One difficulty in using this field is the difference between the polynomials we used to define the field and the bytes that we would like to represent as field elements. To avoid manually converting everywhere, we defined another field structure directly on the type and used Coq’s Canonical Structures.

5 Verifying the Functional Model

5.1 Decoder Correctness

To prove the RSE algorithm correct, we need to prove that the decoder actually reconstructs the original packets. That is, if the data and parity packets that were marked as “received” are correct and there are at most h missing packets, then running the decoder on the received packets should recover the original data. We state this in Coq below:

figure v

This theorem is expressed entirely in terms of MathComp matrices and operations; it does not rely on the C implementation at all. Its proof requires two main tasks: showing that \(W'_2\) is invertible and proving that the sequence of operations in the decoder is sufficient to recover the original data. The second task is fairly straightforward; we compare the matrices elementwise. Thus, the main challenge comes from proving the invertibility of the submatrix \(W'_2\).

Proving the Invertibility of \(\boldsymbol{W'_2}\). Recall that \(W_2'\) is a dynamically chosen submatrix of W, the right submatrix of the row-reduced Vandermonde matrix V. Therefore, we want to prove the following theorem ():

Theorem 1

Let V be an \(m \times n\) row-reduced Vandermonde matrix on distinct elements. Let \(m \le n\) and \(z \le \min (m, n-m)\). Let Y be the submatrix of V formed by taking z rows of V and z of the last \((n - m)\) columns of V. Then Y is invertible.

Formally proving this theorem in Coq is quite complicated, partly because MathComp does not include many of the definitions and results that we need. Namely, we need to define and prove properties about row operations and Vandermonde matrices, including the following well-known property ():

Theorem 2

Let V be an \(n \times n\) Vandermonde matrix on distinct nonzero elements. Then V is invertible.
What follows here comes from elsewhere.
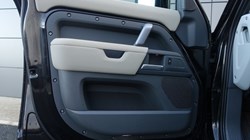 2023 (72) LAND ROVER DEFENDER 3.0 D250 X-Dynamic SE 110 5dr Auto 5062496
The proof relies on the fact that a degree n polynomial with \(n+1\) zeroes is identically zero, a fact already included in MathComp. This marks the only direct use of polynomial properties (other than in the finite field construction); the rest of the results are purely based on linear algebra.

Note that the only property we required of the weight matrix W was that every \(z \times z\) submatrix is invertible. Row-reduced Vandermonde matrices satisfy this property, but any other matrix that satisfies this property could be used, and the encoding-decoding scheme would still be correct.

5.2 Gaussian Elimination

Proving full Gaussian elimination (Algorithm 1) correct is fairly standard (though nontrivial to formalize completely in Coq), since the algorithm is very well-understood.

The real challenge is to determine the conditions under which RGE (Algorithm 2) will return the same result as Algorithm 1. It is easy to see that if the error case is never reached, then the two algorithms are equivalent. But it is not at all obvious how to avoid triggering the error. Invertibility is a necessary but quite insufficient condition; for instance, the restricted algorithm fails on diagonal and triangular matrices. Therefore, we had two tasks: determine the class of matrices for which RGE works correctly and prove that the matrices used in the RSE algorithm are in this class.

For the first task, we needed to determine when certain elements will be zero or nonzero at a given step in Gaussian elimination. This is difficult, since the elements are constantly changing; instead, we transformed the condition into a statement about the invertibility of certain submatrices, since Gaussian elimination preserves invertibility.

During the rth step of Gaussian elimination (assuming no error was reached), the \(r \times r\) upper-left submatrix is a diagonal matrix with nonzero elements along the diagonal; all other elements in the first r columns are zero. With this, we defined the submatrix \(C_k^r\) (for \(k < r\)) as the submatrix of A consisting of the first r rows and the first \(r+1\) columns except column k. Then, for \(k < r\), \(A_{k, r} \ne 0\) exactly when \(C_k^r\) is invertible (we prove this by showing that the rows of \(C_k^r\) are linearly independent). We can do something similar for \(k \ge r\); this time we consider \(R_k^r\), defined to be the submatrix of A consisting of the first \(r+1\) columns and rows \(\lbrace 0, 1, \ldots r-1, k\rbrace \). Similarly, \(R_k^r\) is invertible iff \(A_{k, r} \ne 0\). We will say that A is strongly invertible if, for all \(0 \le r < m\), \(C_k^r\) is invertible for all \(k < r\) and \(R_k^r\) is invertible for all \(k \ge r\). Finally, we prove that RGE is equivalent to full Gaussian elimination iff input A is strongly invertible.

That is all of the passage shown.